When VASJ’s yearbook moderator Mr. Gary Minadeo ’74 selected Gina Ciariello as the editor of the Class of 2016 yearbook, he had no idea of her lofty goal to have the yearbook printed and delivered before the seniors graduated.
“Gina knocked me off base with her strong desire to publish the 2016 yearbook by mid-May so everyone could get their book and get signatures from friends and teachers by the end of the school year,” says Minadeo.
More than the signatures, it is the sentiments that come with them that Gina thought would make the early yearbook distribution special for the seniors.
“It’s more meaningful and in-the-moment,” Gina says. “It creates more bonds with people because everyone is signing each other’s yearbook.

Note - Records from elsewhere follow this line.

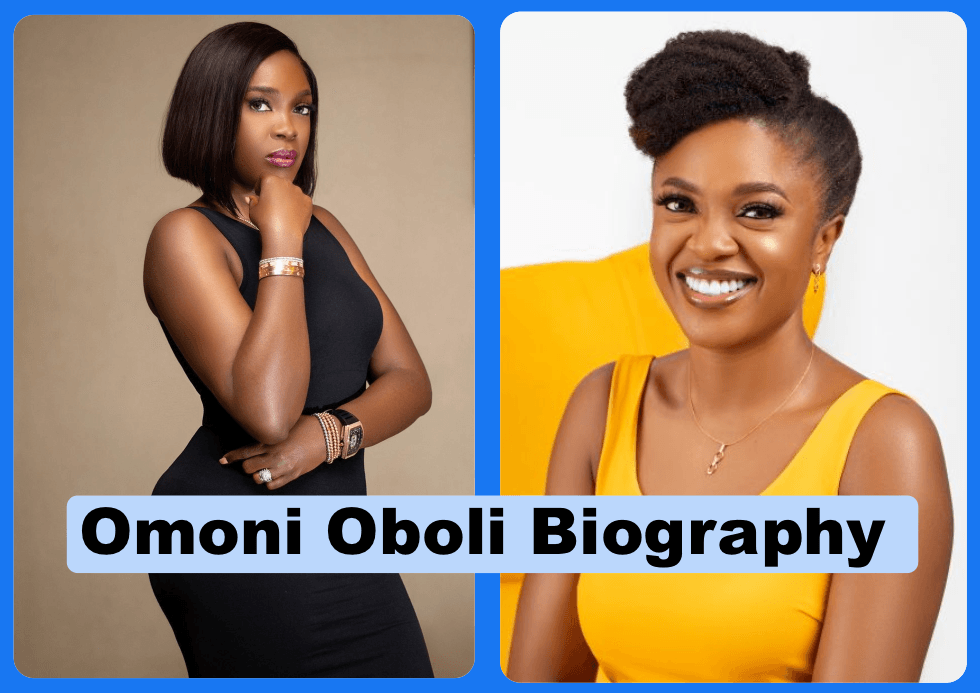 Omoni Oboli Biography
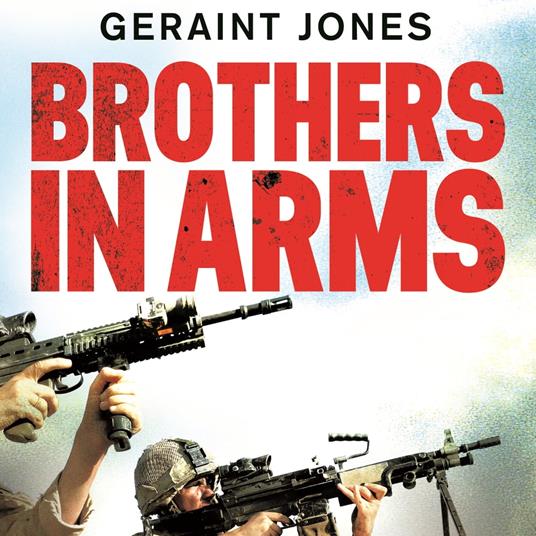 Brothers in Arms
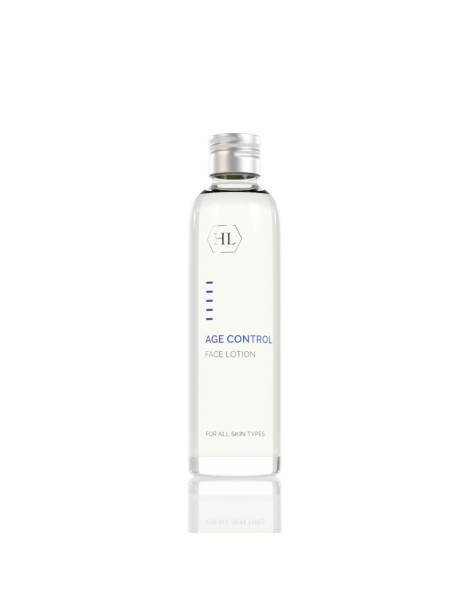 Holy Land Age Control Face Lotion Лосьйон для обличчя
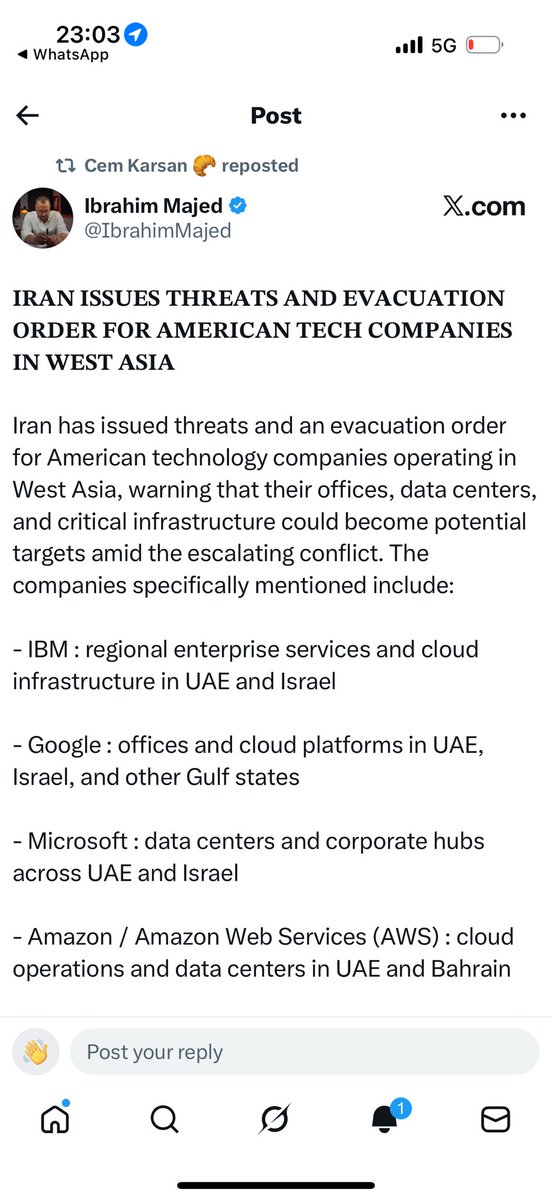Amberline Private Markets Intel tweet media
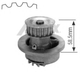 Водяной насос Combo/Astra F/G/Vectra A/B1.2/1.4/1.6 -05 Airtex (1164) - изображение 1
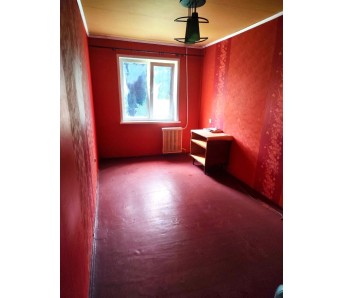2-комн. квартира, кв-л Жукова 19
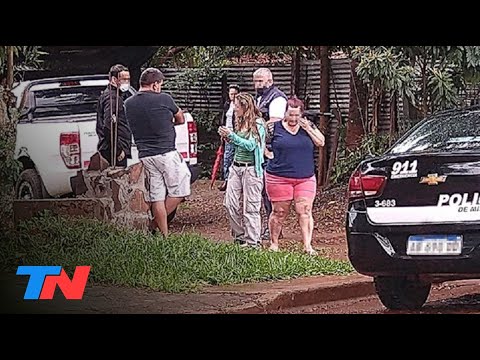 HORROR IN MISSIONS | He invited his friend to dinner, killed him, and raped his partner in front ...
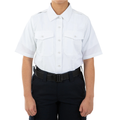 First Tactical W Pro Duty S/S Shirt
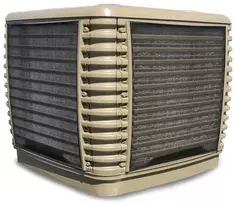 Ventiliatorius Pramoninis oro vėsintuvas Coolspot T 30 (viršutinis)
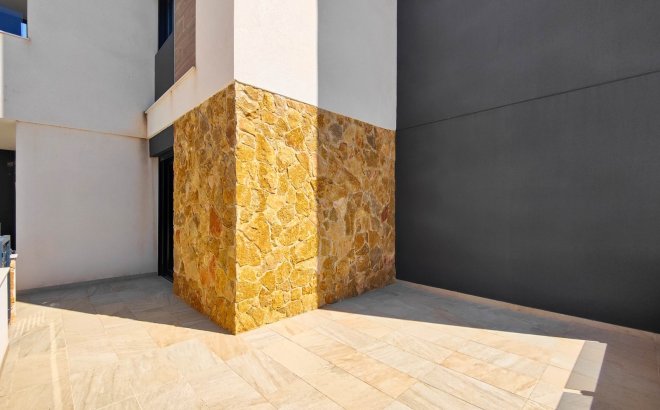 Revente - Appartement -
Orihuela Costa - Costa Blanca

I also liked that underclassmen would be able to sign them, too.”
Minadeo knew that to accomplish this, it meant a deadline of March 1st, five months earlier than the typical yearbook deadlines. Minadeo knew this would not be an easy task.
“He definitely looked at me with worried eyes but said, ‘if that’s what you want and you’re willing to work for it, then we’ll do it.’ And we did,” Gina says.
Minadeo selected Gina as editor as a result of her experience serving on the yearbook staff during her junior year.
“Gina was the only yearbook staffer that had experience building a yearbook,” Minadeo says. “Even I had no experience, and we were blessed by that experience and the true desire to build a quality product.”
Gina was eager to serve as editor.
“I was pretty excited,” Gina says. “I wanted to jump in and get everything organized for it. I knew it would be an exciting project.”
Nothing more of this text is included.